** Opening GIVEN INFORMATION block **
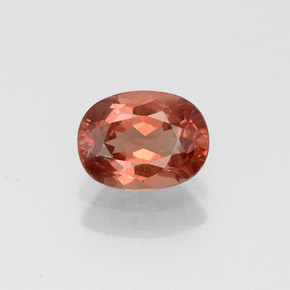 0.99캐럿 천연 오렌지 말레이 가넷, 타원형 컷, 6.8×5.1 mm, VS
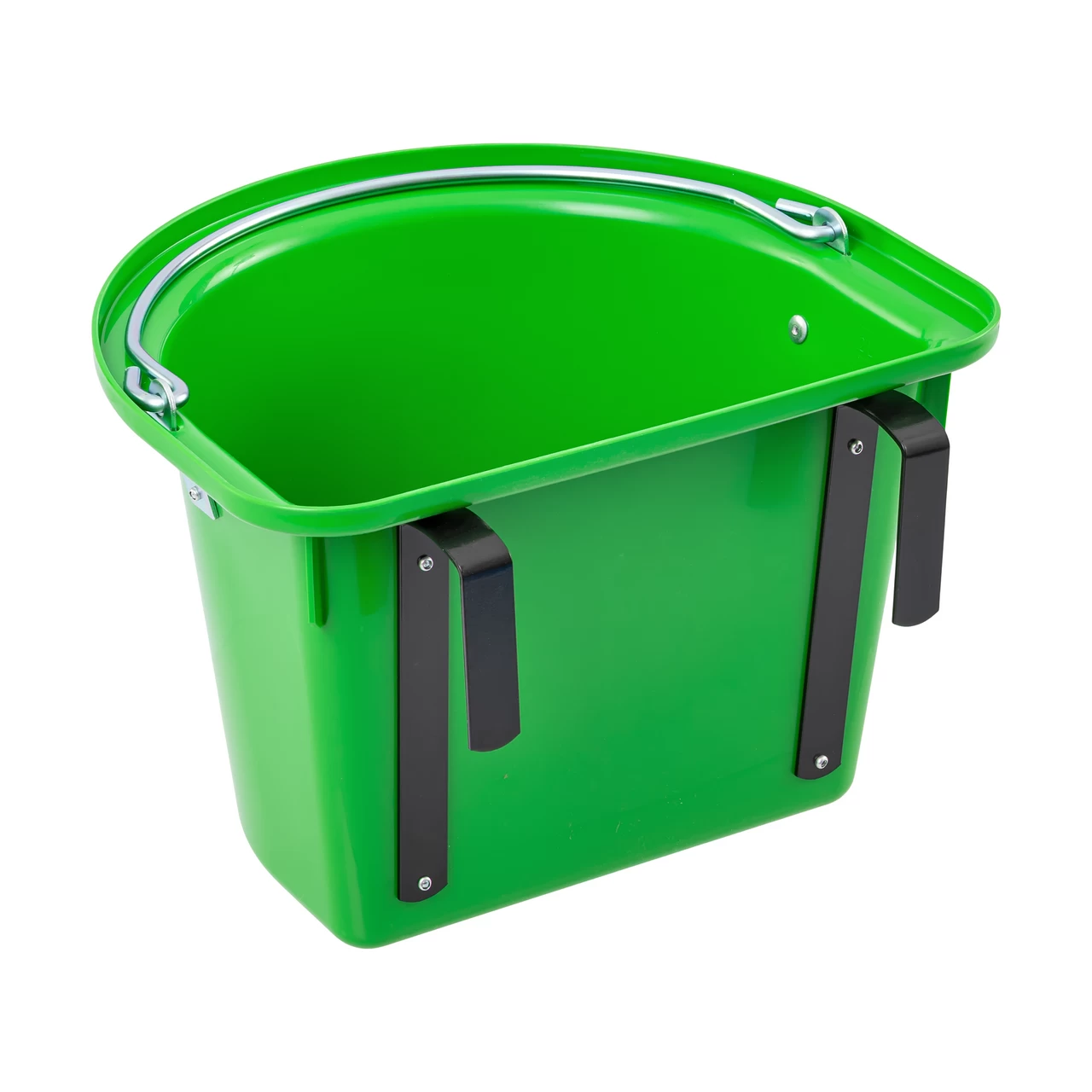 Secchio per mangime per cavalli con staffa per fissaggio e maniglia, verde, 12 litri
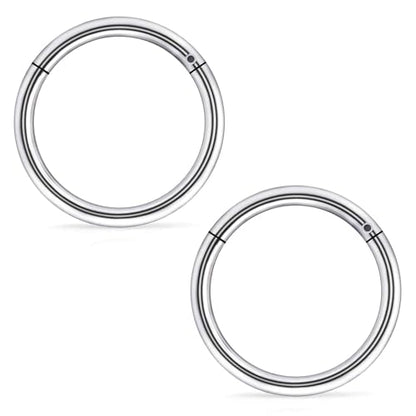 Ruifan 20G Titanium Nose Rings Hoops Septum Rings Nose Clicker Ring Lip Tragus Helix Cartilage Daith Rook Sleeper Earring Body Piercing Jewerly for Women Men 9MM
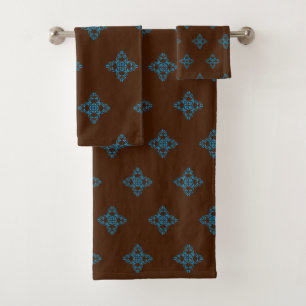 Jeu de serviettes de bain turquoise bleu et Brown 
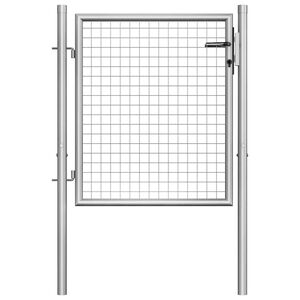 vidaXL Portail de jardin en acier galvanis&eacute; 105x75 cm argent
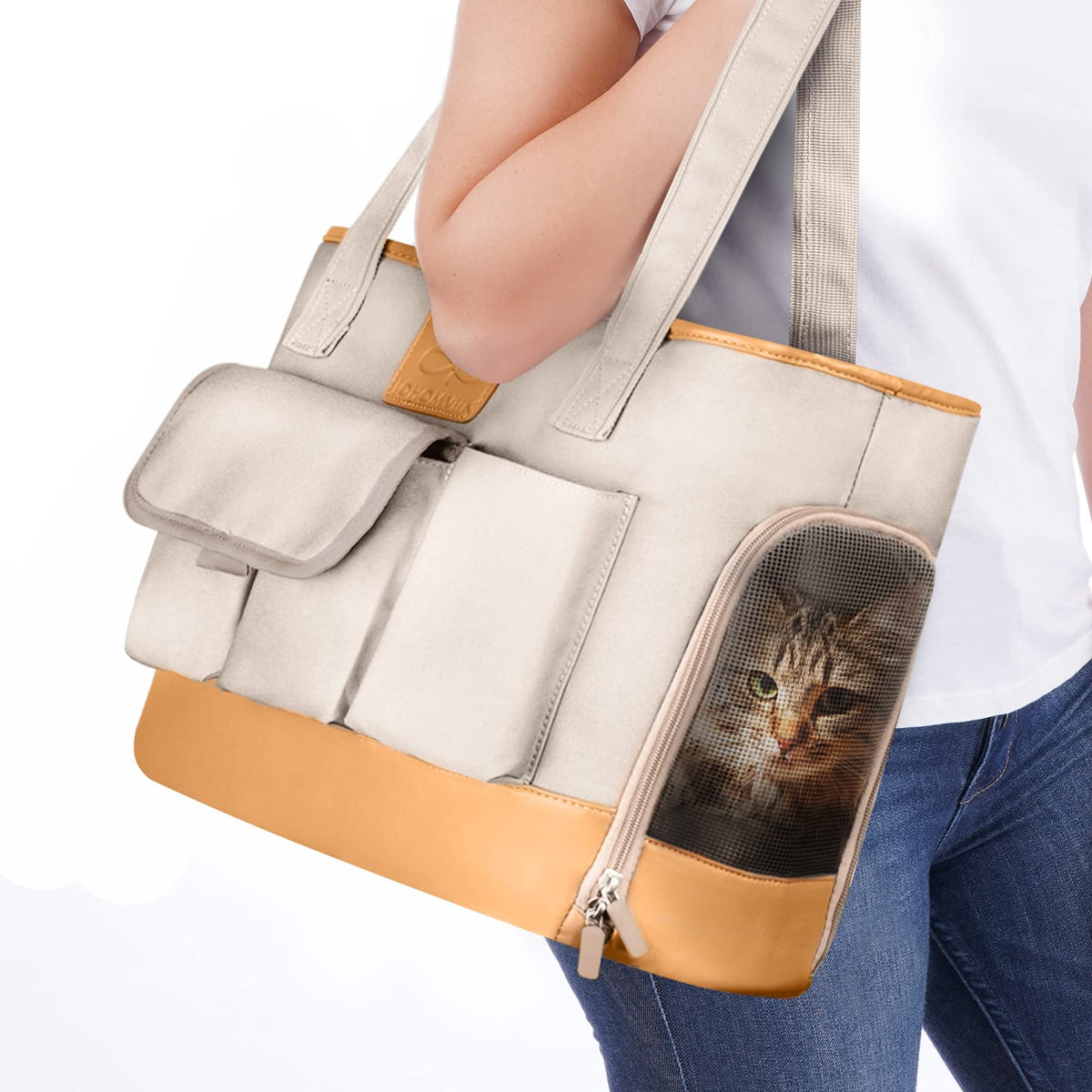 Johomviin Dog Carrier, Cat Carrier, Pet Carrier, Foldable Waterproof Premium Oxford Cloth Dog Purse, Portable Bag Carrier for Small to Medium Cat and Small Dog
** Closing GIVEN INFORMATION block **
** EXERCISE **
From the line with "vidaXL Portail de" through the final line of the data above, copy everything exactly, both ends included, but not the pictures.

** WRITTEN RESPONSE **
 vidaXL Portail de jardin en acier galvanis&eacute; 105x75 cm argent
 Johomviin Dog Carrier, Cat Carrier, Pet Carrier, Foldable Waterproof Premium Oxford Cloth Dog Purse, Portable Bag Carrier for Small to Medium Cat and Small Dog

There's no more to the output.